Ini Subsektor yang Diawasi OJK dalam Perdagangan Karbon
99 PLTU berpotensi ikut perdagangan karbon.
Jakarta, FORTUNE - Otoritas Jasa Keuangan (OJK) menyatakan kesiapannya untuk mulai mengawasi proses perdagangan karbon melalui Bursa Karbon yang direncanakan dimulai pada September 2023. Hal tersebut sejalan dengan diterbitkannya POJK No.14/2023 tentang Perdagangan Karbon Melalui Bursa Karbon sebagai aturan pendukung dalam penyelenggaraan perdagangan karbon melalui Bursa Karbon.
Kepala Eksekutif Pengawas Inovasi Teknologi Sektor Keuangan, Aset Keuangan Digital dan Aset Kripto OJK, Hasan Fawzi menjelaskan, ada sejumlah subsektor yang akan diawasi OJK dalam bertransaksi di bursa karbon. Antara lain seperti subsektor pembangkit listrik, sektor kehutanan, perkebunan, migas, hingga industri umum.
"Dalam prosesnya, POJK tersebut telah mendapat persetujuan dalam rapat konsultasi bersama Komisi XI DPR RI beberapa waktu yang lalu. Perkembangan tersebut, tentunya meningkatkan optimisme kita untuk mencapai target penyelenggaraan perdana unit karbon di Bursa Karbon pada akhir September," kata Hasan dalam seminar nasional bertema “Pengurangan Emisi Gas Rumah Kaca dan Peluang Perdagangan Bursa Karbon di Indonesia" di Medan, Senin (4/9).
99 PLTU berpotensi ikut perdagangan karbon
Hasan menambahkan, untuk mendorong suksesnya penyelenggaraan perdana unit karbon di Bursa Karbon, telah terdapat 99 Pembangkit Listrik Tenaga Uap (PLTU) berbasis batu bara, yang berpotensi ikut perdagangan karbon tahun ini. Jumlah ini setara dengan 86 persen dari total PLTU Batu Bara yang beroperasi di Indonesia.
Dengan berlakunya POJK No. 14/D.04/2023 Perdagangan Karbon di Bursa Karbon, Hasan berharap dapat meminimalisir multitafsir atas ketentuan perundang-undangan dan kemungkinan pelanggaran atas ketentuan.
Hal ini menurutnya sangat diperlukan untuk mewujudkan tujuan perdagangan karbon di Indonesia, yaitu memberikan nilai ekonomi atas unit karbon yang dihasilkan ataupun atas setiap upaya pengurangan emisi karbon.

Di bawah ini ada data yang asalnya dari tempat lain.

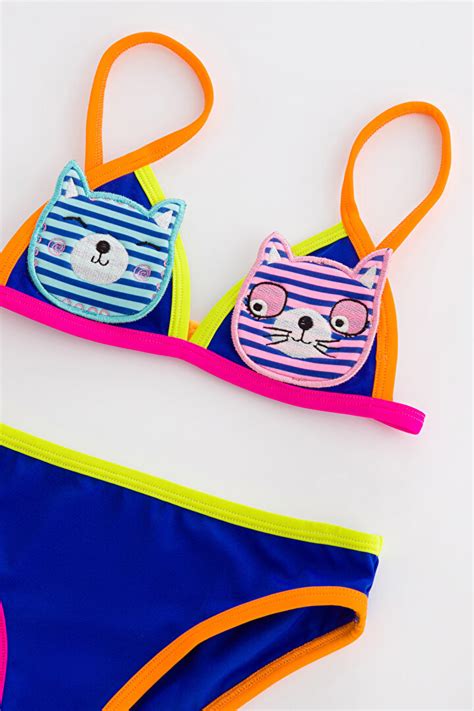 Kız Çocuk Cute Cat Üçgen Bikini Takımı PLMJEMJA IY SAK SAKS Penti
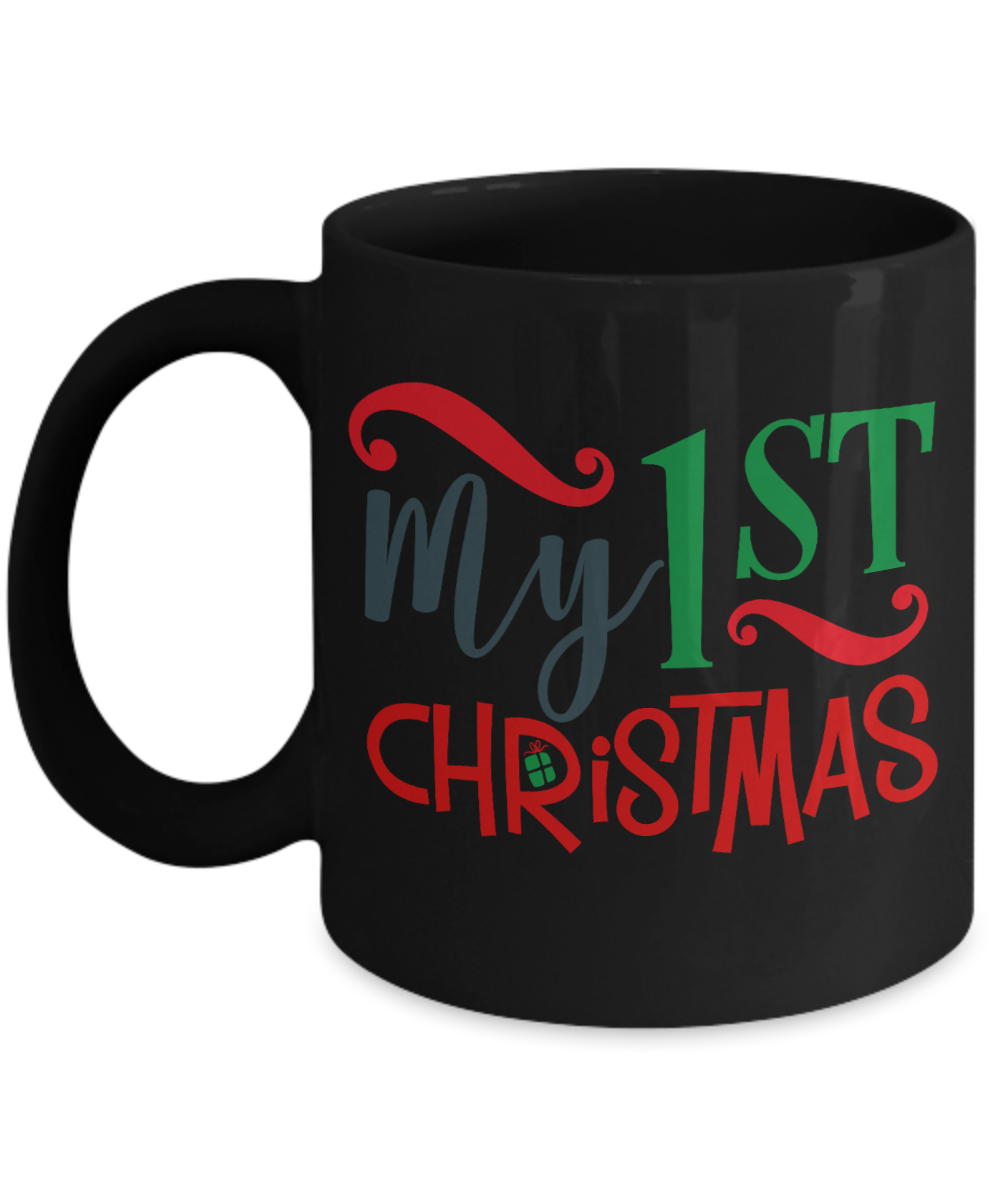 Knightmare before christmas mug - My 1st Christmas - Funny Christmas Gifts Mugs, Christmas Gifts for family Ceramic Cup Black, Funny Mugs Gift Ideas 11 Oz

Gubernur Sumatera Utara yang diwakili Asisten Perekonomian dan Pembangunan Sekretariat Daerah Provinsi Sumatera Utara Agus Tripriyono menambahkan, isu pembangunan berkelanjutan lingkungan hidup menjadi agenda yang sangat penting bagi masyarakat internasional, nasional dan daerah khususnya di Provinsi Sumatera Utara dalam penyusunan program dan kebijakan di bidang lingkungan hidup.
"Karena, tanpa intervensi, fenomena triple planetary crisis akan menyebabkan penurunan daya dukung dan daya tampung lingkungan yang dibutuhkan sebagai penopang kehidupan dan pertumbuhan ekonomi,” pungkas Agus.